[Nachgedacht] Warum eigentlich Dystopien?!

Hallo Leute :)

Ich habe heute mal ein bisschen nachgedacht (nachdem mein Vater mich irgendwie dazu inspiriert hat). Ich habe darüber nachgedacht, warum es gerade JETZT Dystopien gibt. Warum nicht vor zehn Jahren? Warum nicht vor zwanzig Jahren? Warum JETZT? Warum lesen alle Menschen jetzt "dunkle Zukunfts"-Romane. Ist die Gegenwart zu gut? Wenn man den Menschen nach dem Krieg Dystopien serviert hätte, hätte sie wohl keiner gelesen. Habt ihr da vielleicht eine Antwort?
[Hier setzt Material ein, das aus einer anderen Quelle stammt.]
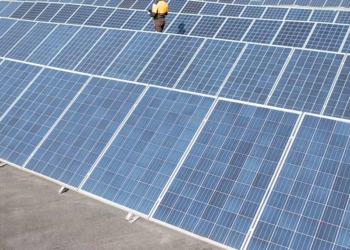 Watanabe assessora Canadian Solar na venda de duas usinas solares para a SPIC Brasil
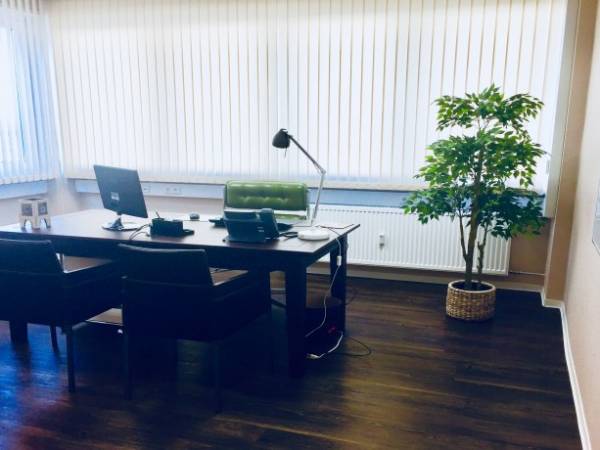 Perfekt ausgestattete Büroräume in Coworking-Space in Darmstadt-West — Bild 3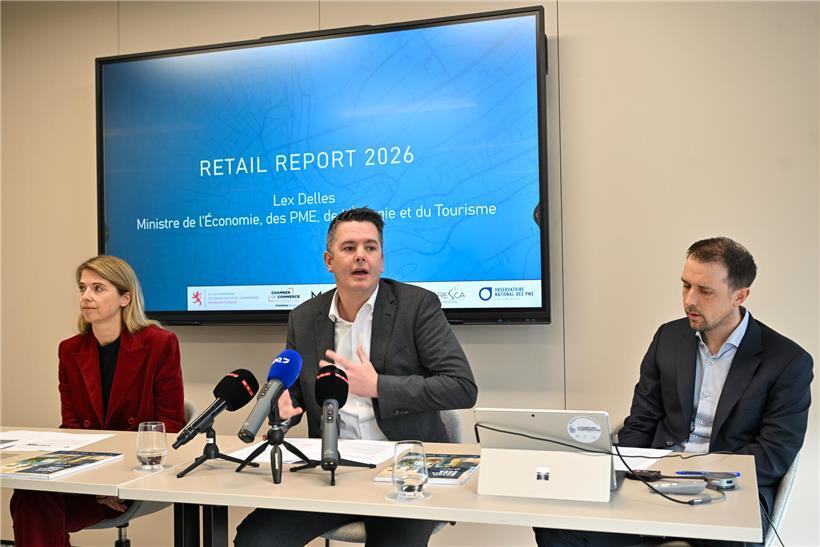 Stéphanie Damgé, Lex Delles und Tom Baumert präsentieren den Retail Report 2026 bei offizieller Veranstaltung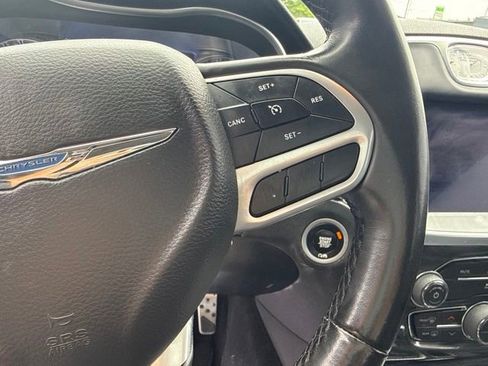 Used 2020 Chrysler 300 Touring w/ Sport Appearance Package RWD image 17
Und dann sind ziemlich viele Dystopien eigentlich gleich aufgebaut: mit Rebellen. In bestimmt jeder zweiten Dystopie, die ich gelesen habe, gab es bis jetzt in irgendeiner Richtung Rebellen. In "Gebannt - Unter fremdem Himmel", in "Cassia & Ky", in "Die Bestimmung", in "Die Tribute von Panem" und in "Selection". Ich kann bald keine Rebellen mehr lesen! Und ihr? Geht es euch auch so?

Angefangen hat das mit den Dystopien ja eigentlich mit "Die Tribute von Panem". Ich liebe diese Buchreihe und da wird sich wohl nichts dran ändern, aber in so ziemlich allen anderen Büchern fangen die Rebellen langsam an zu nerven. Sie sind wirklich überall. Wollen die Menschen etwa eine Rebellion?! Oder warum sind in allen Büchern Rebellen? Ich verstehe es einfach nicht...

Und dann natürlich das Wichtigste: Warum verschlingt die ganze Welt zur Zeit Dystopien? Warum verschlingt die Welt nicht lustige Bücher, oder Feenbücher. Warum keine Liebesromane? Klar, Dystopien sind wirklich sehr spannend und unglaublich fesselnd. Aber es ist doch irgendwie komisch, dass niemand auf die Idee vorher gekommen ist, oder? Sobals das Thema ausgelutscht ist, wird sich wohl jemand was neues einfallen lassen. Was wird dann kommen? Liebe? Contemporary? Vielleicht aber doch eher irgendwas lustiges? Ich bin gespannt.. :)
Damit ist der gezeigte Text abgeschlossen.